Daniel Ziblatt (born 1972) is an American political scientist who has been Eaton Professor of the Science of Government at Harvard University since 2018. Ziblatt received his PhD in political science from the University of California, Berkeley.
He is the author of the book Conservative Parties and the Birth of Democracy. In 2018, Ziblatt also published How Democracies Die with fellow Harvard professor Steven Levitsky. The book examines the conditions that can lead democracies to break down from within, rather than due to external events such as military coups or foreign invasions. How Democracies Die received widespread praise. It spent a number of weeks on The New York Times Best Seller list and six weeks on the non-fiction bestseller list of the German weekly Der Spiegel.[1] The book was recognized as one of the best nonfiction books of 2018 by The Washington Post, Time, and Foreign Affairs.[2]
Books
- Tyranny of the Minority: Why American Democracy Reached the Breaking Point, with Steven Levitsky, (Crown, 2023, ISBN 978-0-593-44307-1)

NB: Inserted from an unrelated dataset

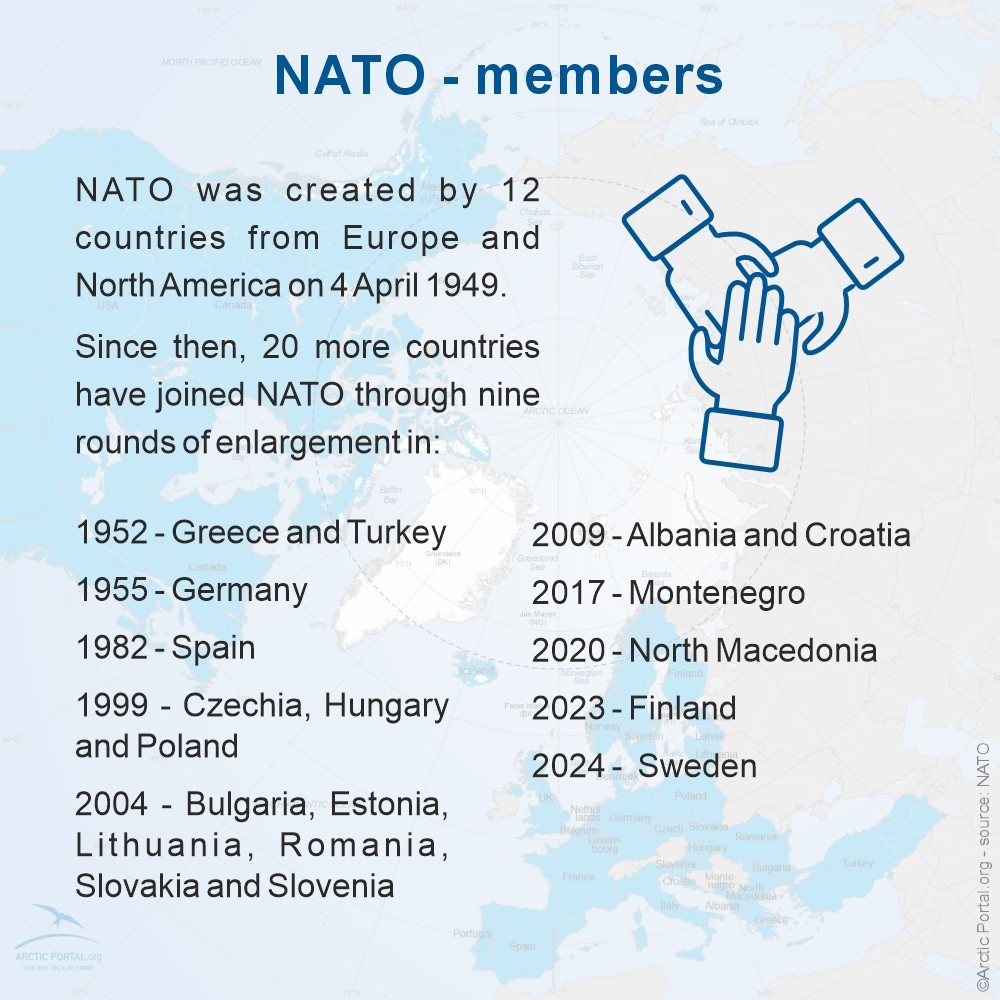 North Atlantic Treaty Organization (NATO) - Members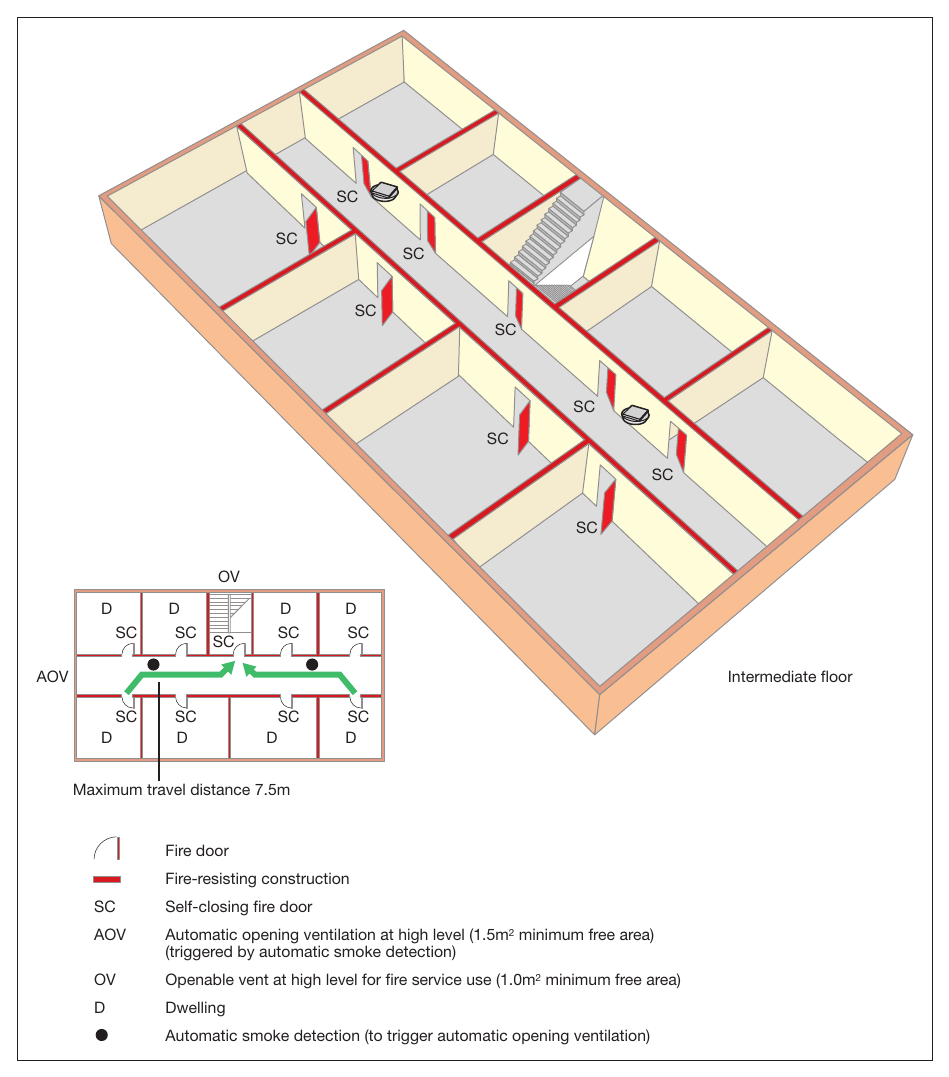 Figure 54: Single stairway and automatic ventilation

- How Democracies Die, with Steven Levitsky, (Crown, 2018, ISBN 9780525574538) – NDR Kultur Sachbuchpreis 2018; Goldsmith Book Prize 2019
- Conservative Parties and the Birth of Democracy, (Cambridge: Cambridge University Press, 2017, ISBN 9781107001626)[3]
- Structuring the State: The Formation of Italy and Germany and the Puzzle of Federalism, (Princeton: Princeton University Press, 2006, ISBN 9780691121673)
References
- ↑ "Sachbuch". Spiegel Online. Der Spiegel. 25 August 2018. Retrieved 8 December 2019.
- ↑ "How Democracies Die". Penguin Random House. Retrieved 13 March 2019.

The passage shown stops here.